É consensual que o capitalismo enquanto sistema social apenas surgiu nos finais do século XVIII como resultado da confluência de mercados, ciência e tecnologia. Mas nunca foi fácil convencer a maioria sobre as vantagens de trabalhar ordeiramente para a minoria detentora do capital. As religiões ajudaram um tanto, mas desde muito cedo o capitalismo liberal foi confrontado com movimentos revolucionários que, no século XIX, apenas foram contidos por uma combinação complexa de repressão e cooptação, incluindo reformas sociais e partilha de poder. 

Por alguma razão Max Weber, o histórico sociólogo do capitalismo, deu à sua obra maior, de 1905, o título A Ética Protestante e o Espírito do Capitalismo. Citando Benjamin Franklin, Weber dizia: "Nada contribui tanto para que um jovem vença na vida como a rectidão em todos os seus negócios.” Para Weber, a falta de moral e a avidez eram características das sociedades pré-capitalistas. 

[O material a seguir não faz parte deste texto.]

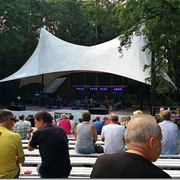 Parkbühne Fürstenwalde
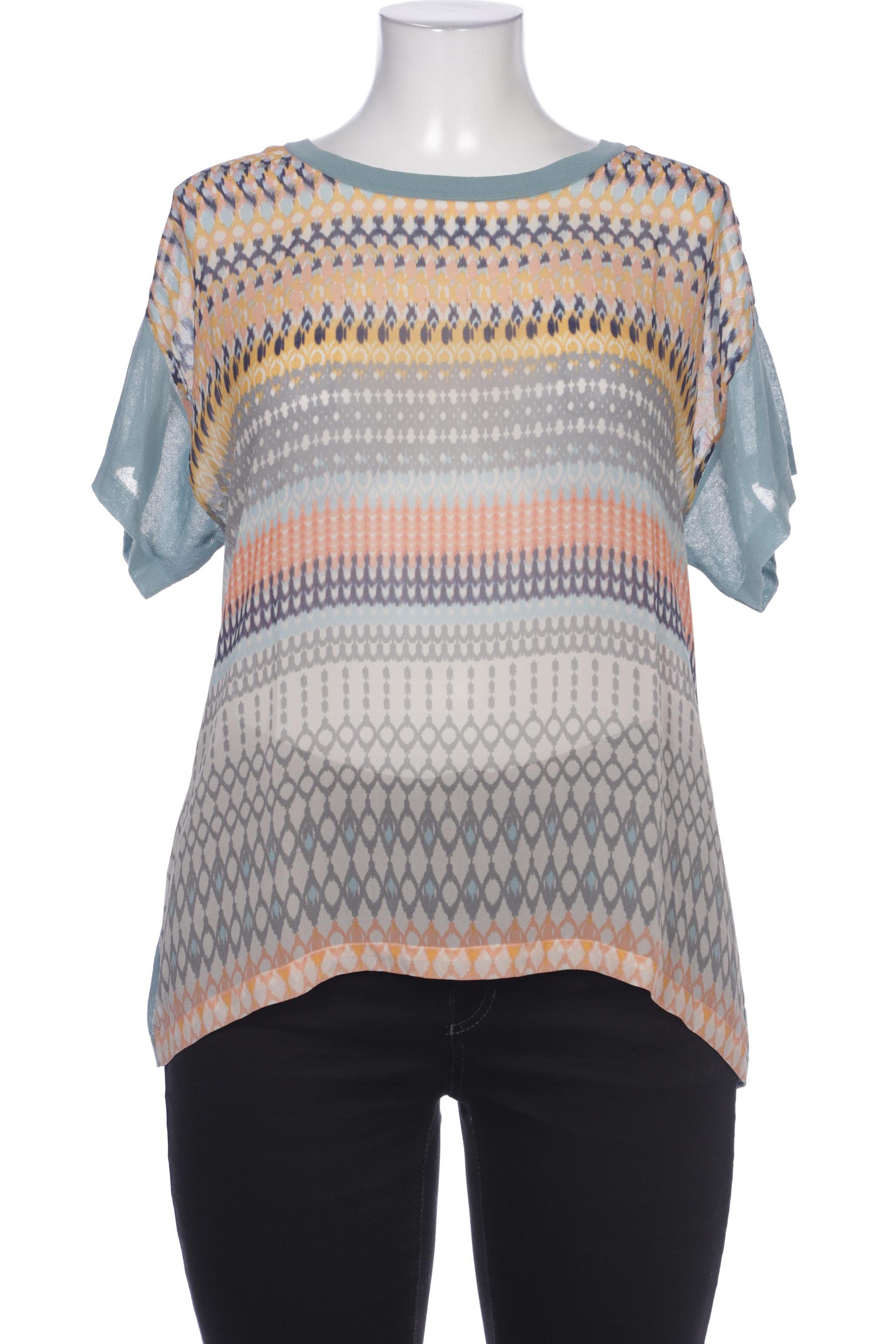 

MAX&Co. Damen Bluse, mehrfarbig, Gr. 46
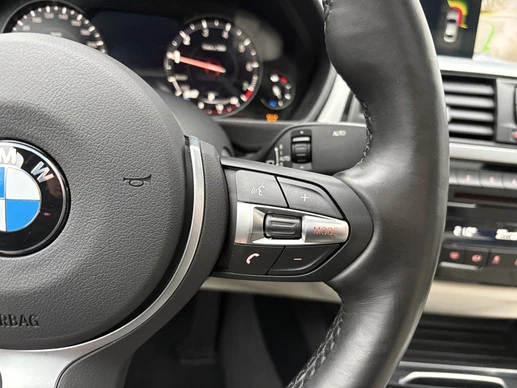 BMW 4 Serie - Afbeelding 17 van 30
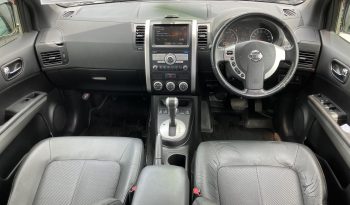 2011 Nissan X-Trail (24 Months 0% Interest Free Financing Approx. $230) full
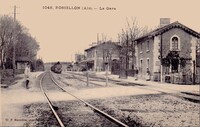La Gare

O capitalismo do Estado democrático e social das três décadas subsequentes à II Guerra Mundial era, por regra, fundado num robusto contrato social que, num clima de crescimento e paz social, permitia a igualdade de oportunidades e a repartição relativamente equitativa de vantagens. Mas nos anos 70 o compromisso começou a desintegrar-se, gradual e imperceptivelmente no início, e depois abertamente através de sucessivas crises que desaguaram no neoliberalismo. Foi o fim do modelo do gestor ético

Em seu lugar surgiu o modelo do mercado ético. Para os pensadores neoliberais, a ética é apenas um limite do sistema. O objectivo do gestor é gerar o maior lucro possível desde que não viole a lei. No final, o mercado se encarregará de produzir resultados éticos. 

Como sabemos, a ética do mercado deu naquilo que a crise de 2008 veio tornar patente: um nível de desigualdade entre os rendimentos do trabalho e os do capital apenas visto antes da II Guerra Mundial; dívida pública e privada cada vez mais difícil de gerir; estagnação económica; corrupção. A situação é tão má que até um grupo de principais beneficiários da ordem neoliberal, os CEOs das maiores empresas americanas, decidiu intervir.

No passado mês de Agosto, a poderosa Business Rountable, uma associação que agrega a nata dos executivos norte-americanos, fez publicar a sua Declaração sobre o Propósito da Empresa. 181 CEOs, entre os quais se destacam os líderes da Amazon, Apple, JP Morgan, Microsoft e outros de igual nomeada, afirmaram, preto no branco, que as empresas têm responsabilidades para com "todos" (destacado no original) os interessados (stakeholders). Segundo o compromisso que subscreveram, a criação de valor accionista – "de logo prazo", sublinhe-se – vem depois dos interesses dos clientes, empregados, fornecedores e comunidade. É a derrota da primazia accionista e da maximização do seu lucro, um dos credos mais tenazmente defendidos pela ideologia neoliberal. 

Há quem desconfie de tanta fartura, vinda de um dos grupos profissionais que mais tem beneficiado com os níveis históricos da desigualdade que se instalaram na sociedade e nas empresas. Mas os CEOs são quem mais tem a perder com as propostas verdadeiramente radicais que, neste domínio, a esquerda (Jeremy Corbyn, Elisabeth Warren, etc.) tem vindo a apresentar em resposta ao avanço do populismo de direita. 

A rejeição social das elites, aliada ao hedonismo prevalente, constitui uma ameaça à disciplina produtiva, sendo certo que a crise de 2008 tornou claro que o sistema já não consegue gerar a prosperidade e igualdade de oportunidades que a maioria exige. Que os CEOs americanos se tenham dado conta da repulsa moral que algumas das suas práticas têm gerado e que queiram fazer alguma coisa para lhes pôr fim é, por si só, motivo de regozijo. Regozijo que é tanto mais justificado quanto é certo que, levado à letra, o manifesto da Business Roundtable fere de morte um dos mais importantes postulados da estafada ideologia neoliberal: a primazia accionista.